There are two related optimizations that happen now.  (These
currently only apply for gathers where the mask is known to be
all on, and to gathers that are accessing 32-bit sized elements,
but both of these may be generalized in the future.)

First, for any single gather, we are now more flexible in mapping it
to individual memory operations.  Previously, we would only either map
it to a general gather (one scalar load per SIMD lane), or an 
unaligned vector load (if the program instances could be determined
to be accessing a sequential set of locations in memory.)

Now, we are able to break gathers into scalar, 2-wide (i.e. 64-bit),
4-wide, or 8-wide loads.  Further, we now generate code that shuffles
these loads around.  Doing fewer, larger loads in this manner, when
possible, can be more efficient.

Second, we can coalesce memory accesses across multiple gathers.
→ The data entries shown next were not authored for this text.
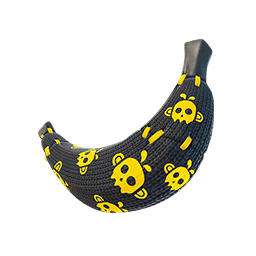 Goldskull Peel Pack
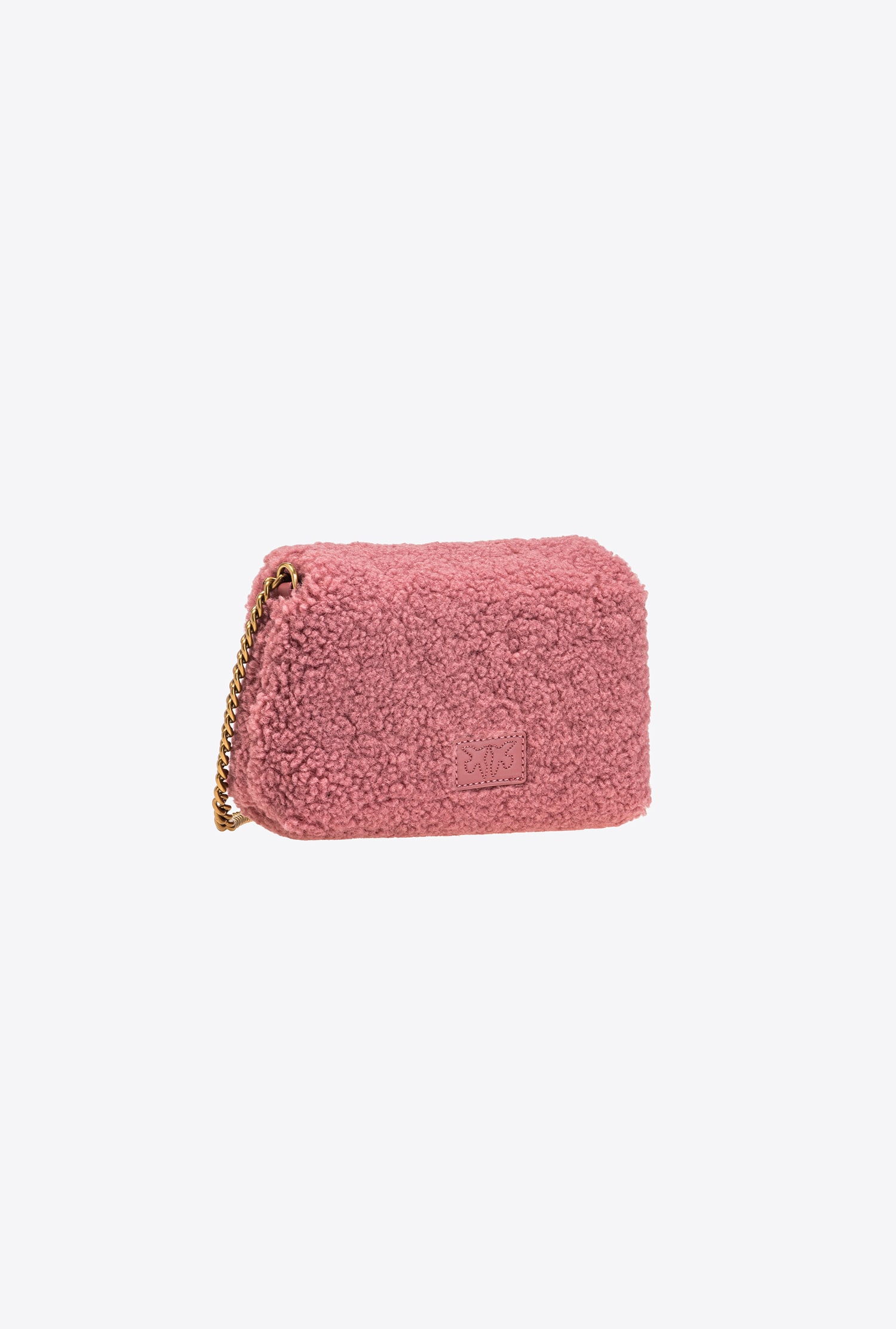 Baby Love Bag Puff Magic Pins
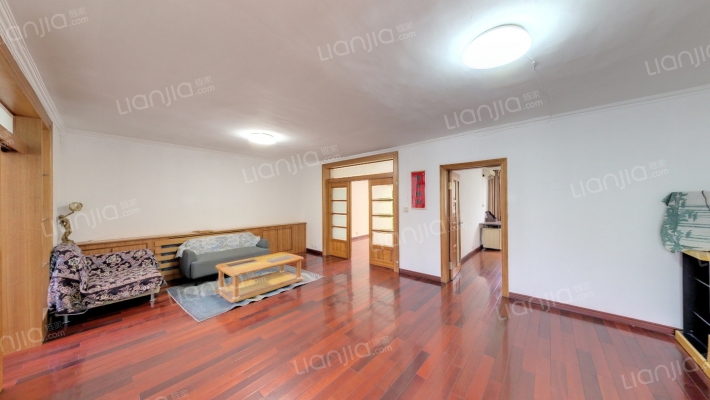 魁星小区二手房实景图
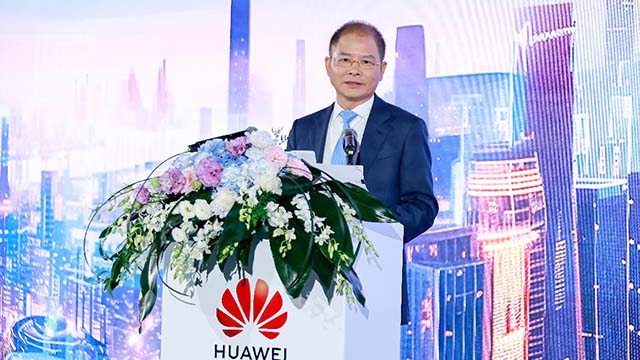 Huawei Ajak Pengembang Ciptakan Native…
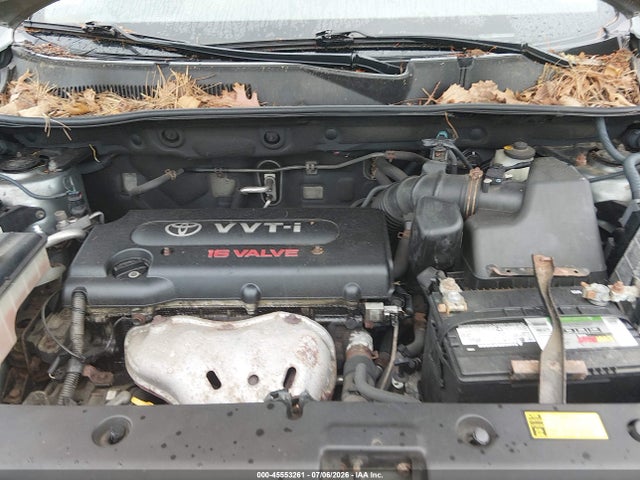 Aukcja sprzedaży 2008 Toyota Rav4, vin: JTMZD33V585094735, numer aukcji: 45553261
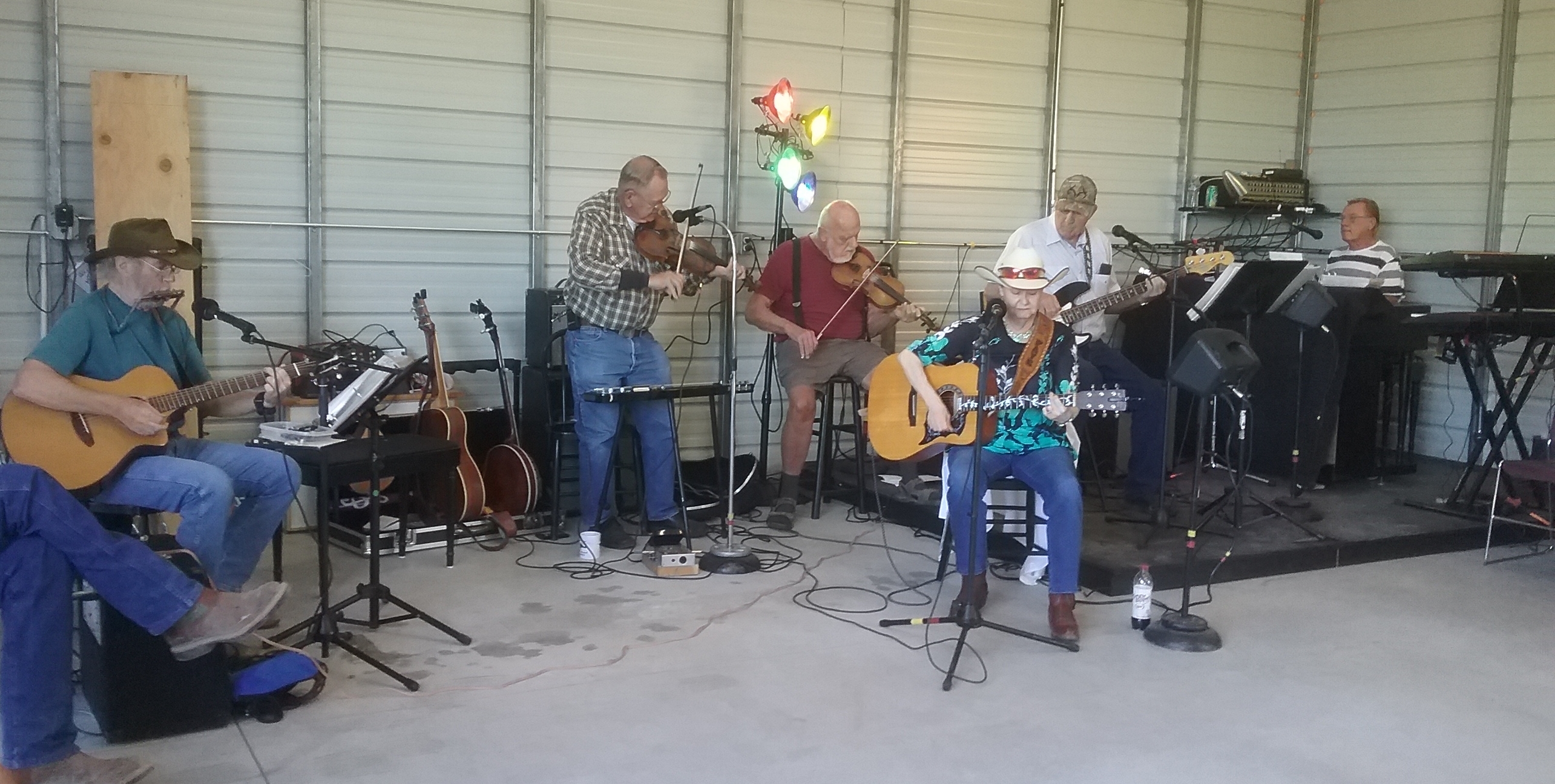 Band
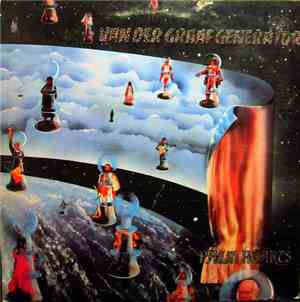 Van Der Graaf Generator - Pawn Hearts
If 
we have a series of gathers without any memory writes in the middle,
then we try to analyze their reads collectively and choose an efficient
set of loads for them.  Not only does this help if different gathers
reuse values from the same location in memory, but it's specifically
helpful when data with AOS layout is being accessed; in this case,
we're often able to generate wide vector loads and appropriate shuffles
automatically.
This commit is contained in:
Matt Pharr
2012-02-10 12:46:59 -08:00
parent f20a2d2ee9
commit 73bf552cd6
12 changed files with 1307 additions and 5 deletions

4
ispc.h
View File

@@ -339,6 +339,10 @@ struct Opt {
than gathers/scatters. This is likely only useful for measuring
the impact of this optimization. */
bool disableUniformMemoryOptimizations;
/** Disables optimizations that coalesce incoherent scalar memory
access from gathers into wider vector operations, when possible. */
bool disableCoalescing;
};
/** @brief This structure collects together a number of global variables.